§ Work to be completed
From the first line of the material to the line containing "Toyota Innova Crysta Diesel 2016", inclusive, write out each line exactly, leaving out the pictures.

§ Data extracts
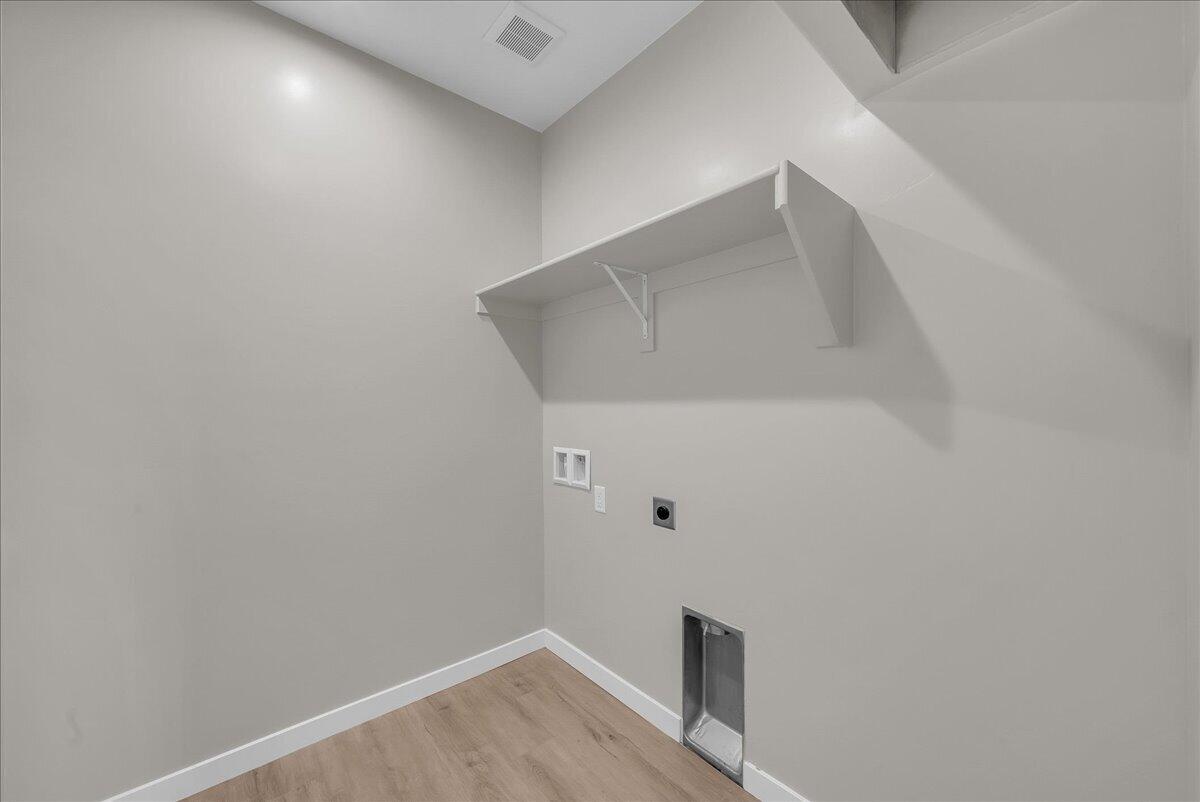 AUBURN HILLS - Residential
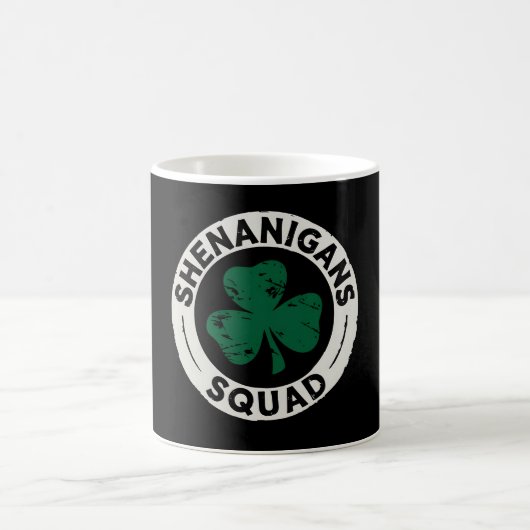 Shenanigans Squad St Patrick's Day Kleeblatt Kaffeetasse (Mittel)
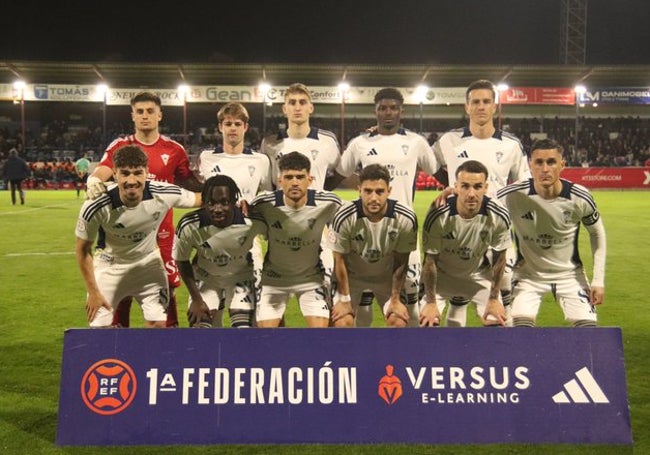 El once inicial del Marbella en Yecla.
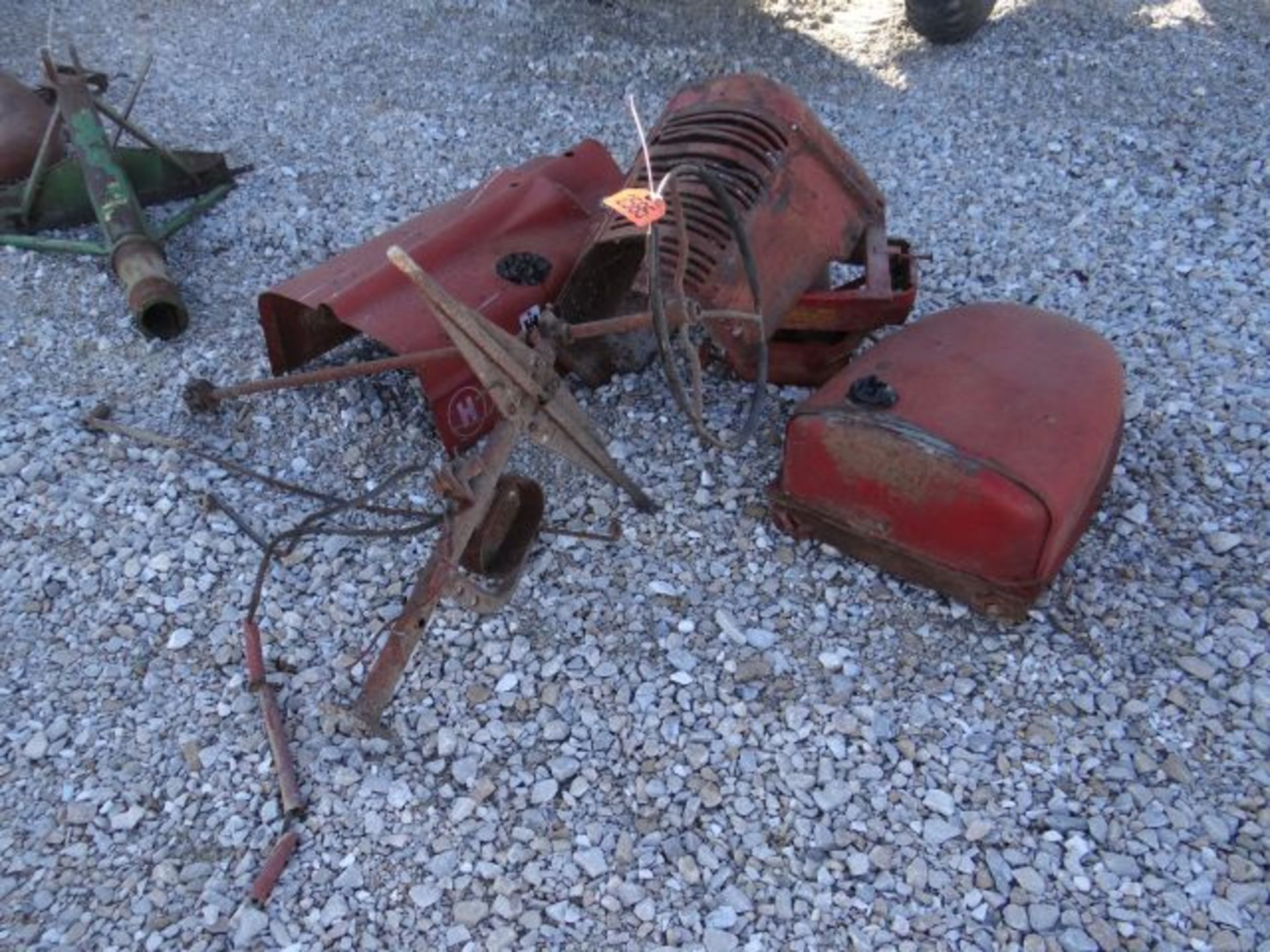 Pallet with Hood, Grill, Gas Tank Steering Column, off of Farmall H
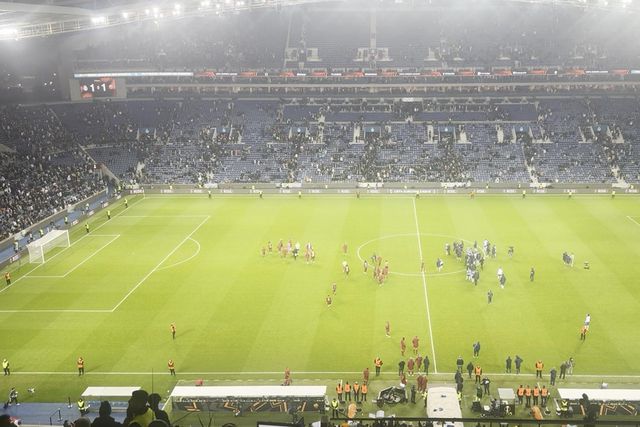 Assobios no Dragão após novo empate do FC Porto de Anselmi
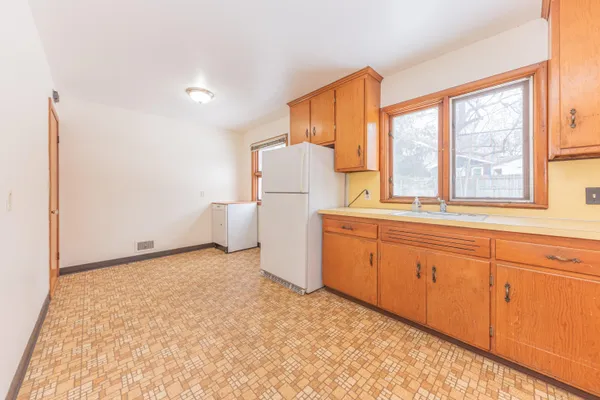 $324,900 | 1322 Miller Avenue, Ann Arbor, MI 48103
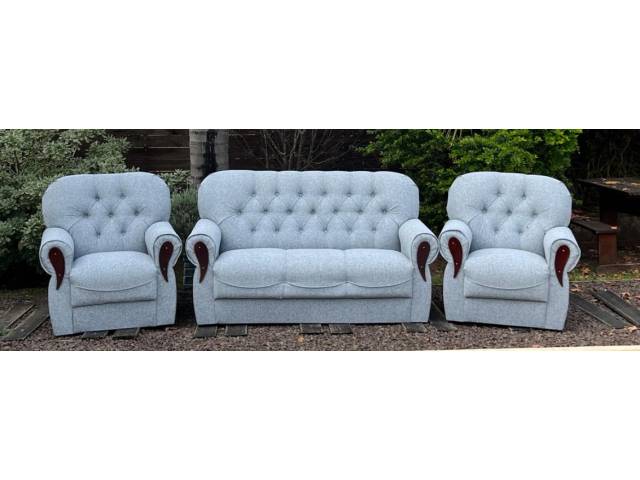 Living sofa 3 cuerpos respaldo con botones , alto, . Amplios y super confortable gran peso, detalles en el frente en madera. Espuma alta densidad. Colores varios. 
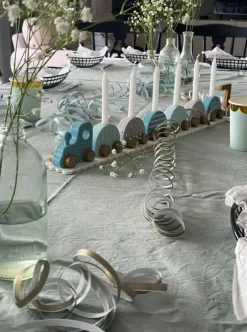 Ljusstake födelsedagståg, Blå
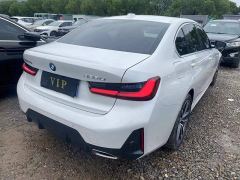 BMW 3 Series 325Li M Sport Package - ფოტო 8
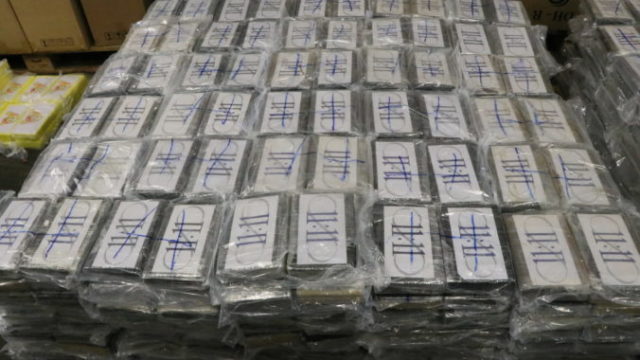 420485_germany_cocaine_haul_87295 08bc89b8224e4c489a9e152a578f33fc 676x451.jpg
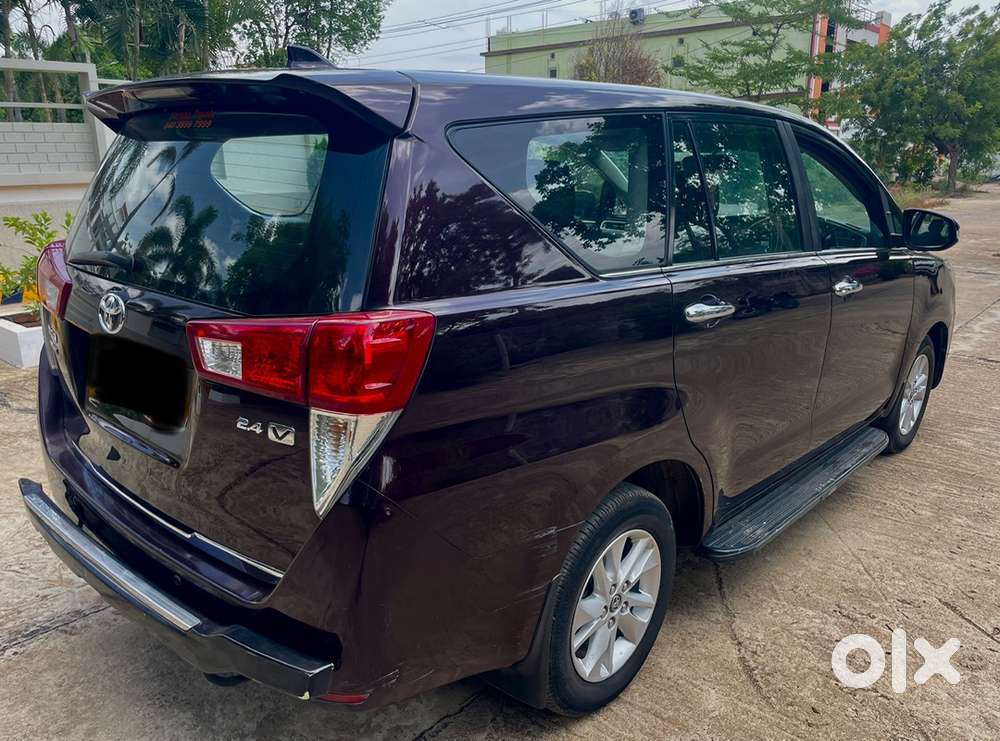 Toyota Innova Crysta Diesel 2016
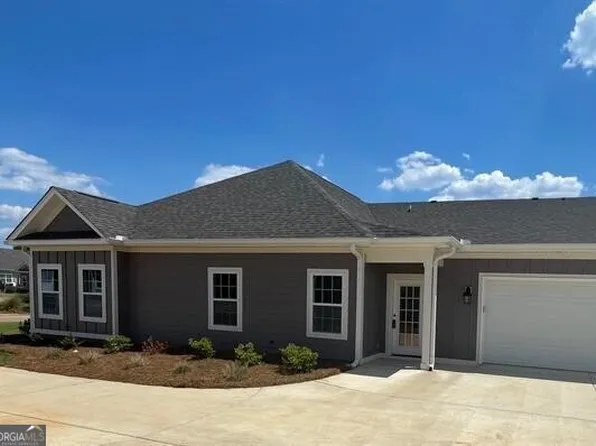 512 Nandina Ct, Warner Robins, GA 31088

§ Output for this exercise
 AUBURN HILLS - Residential
 Shenanigans Squad St Patrick's Day Kleeblatt Kaffeetasse (Mittel)
 El once inicial del Marbella en Yecla.
 Pallet with Hood, Grill, Gas Tank Steering Column, off of Farmall H
 Assobios no Dragão após novo empate do FC Porto de Anselmi
 $324,900 | 1322 Miller Avenue, Ann Arbor, MI 48103
 Living sofa 3 cuerpos respaldo con botones , alto, . Amplios y super confortable gran peso, detalles en el frente en madera. Espuma alta densidad. Colores varios. 
 Ljusstake födelsedagståg, Blå
 BMW 3 Series 325Li M Sport Package - ფოტო 8
 420485_germany_cocaine_haul_87295 08bc89b8224e4c489a9e152a578f33fc 676x451.jpg
 Toyota Innova Crysta Diesel 2016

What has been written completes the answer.